Still, it was hard for teachers and classmates to understand why she was absent so much because, to them, she looked healthy. Today, she confronts this at work. “I think some people believe I just don’t want to be at the office,” she said.
Rheumatoid arthritis (RA) is an autoimmune disease that causes chronic inflammation of the joints and sometimes the organs. It commonly affects the joints of the hands, wrists, elbows, feet, knees, and ankles. Approximately 1.5 million Americans suffer from RA, and nearly three times as many women have the illness as men. Some people compare the pain to being run over by a Mack truck, and then having that truck back over them again.
The cause of RA is unknown, and while most people who have it range in age from 30 to 60, children can get it, and so can seniors. There also is no cure. Treatment aims to lessen your symptoms and poor function, with doctors starting medical therapy as soon as possible, before your joints have lasting damage. No single treatment works for all patients.
Mary and others with RA whom she knows often receive unsolicited advice from family members, co-workers, and well-meaning friends. “They tell me to eliminate gluten from my diet, exercise, lift weights to build muscles, take herbs instead of the medication my doctor prescribed, see a chiropractor, and the strangest was to get bee stings,” she said. “My mother-in-law gave me a copper bracelet to wear, which didn’t work. The only thing that sort of helped was taking walks.”
What she’d prefer is having someone go to the grocery store with her, carry her heavy bags, help her run errands, and stop giving her unsolicited advice. “People often do this to make themselves feel better,” she said.
Mary’s husband is extremely helpful. However, convincing her in-laws that she was ill took patience and a lot of education. “It would be easier if they saw my leg in a cast or something,” she said.
If the joints in her hands hurt, and her in-laws understood how painful RA is, they wouldn’t be miffed if she didn’t offer to wash the dishes after a big family meal. That’s why she and her husband sat down with his parents to explain how she feels when the pain flares up and how they can help. She also shared information about RA with her employer and co-workers.
It helps having her husband, a family member, or a friend join her when she visits her doctors.

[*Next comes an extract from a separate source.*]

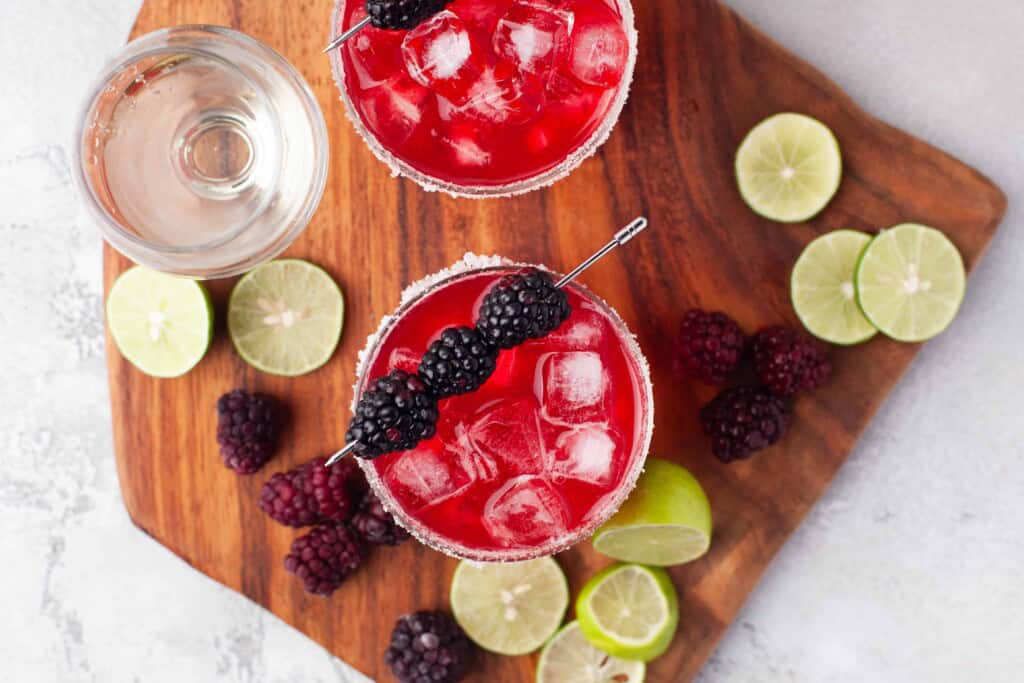 Overhead view of blackberry margaritas with lime slices.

This way, they can get a better understanding of how to take care of someone with RA.
Mary’s husband has also informed his parents about Mary’s dietary restrictions. His parents no longer tempt her with foods that may cause her RA to flare up.
Her son also pitches in. He’s 14, which is old enough to make the beds and vacuums the house when Mary isn’t feeling well. “Sometimes simple household chores are difficult when I’m in pain,” she said.

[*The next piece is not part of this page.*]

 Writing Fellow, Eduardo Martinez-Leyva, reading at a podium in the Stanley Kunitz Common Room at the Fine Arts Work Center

For her last birthday, her in-laws gave her a present of a cleaning service to come in once a month for a year.
When she’s feeling well, she makes big dinners and freezes the leftovers for times when cooking is hard. Her neighbors have also brought cooked meals over to her house.

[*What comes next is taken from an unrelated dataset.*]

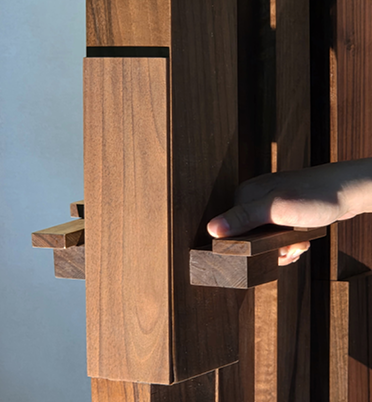 Person adjusting wooden slatted structure outdoors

Mary’s fortunate that she’s well liked at work. On the days when she feels strong, she works extra hard and has a boss and co-workers who know a lot about RA — thanks to Mary. The Arthritis Foundation has a website that is filled with lots of information about the disease. “I printed out a description of the disease that explained what I’m feeling and how they can help,” she said. “The biggest thing I had to learn was to ask for help.”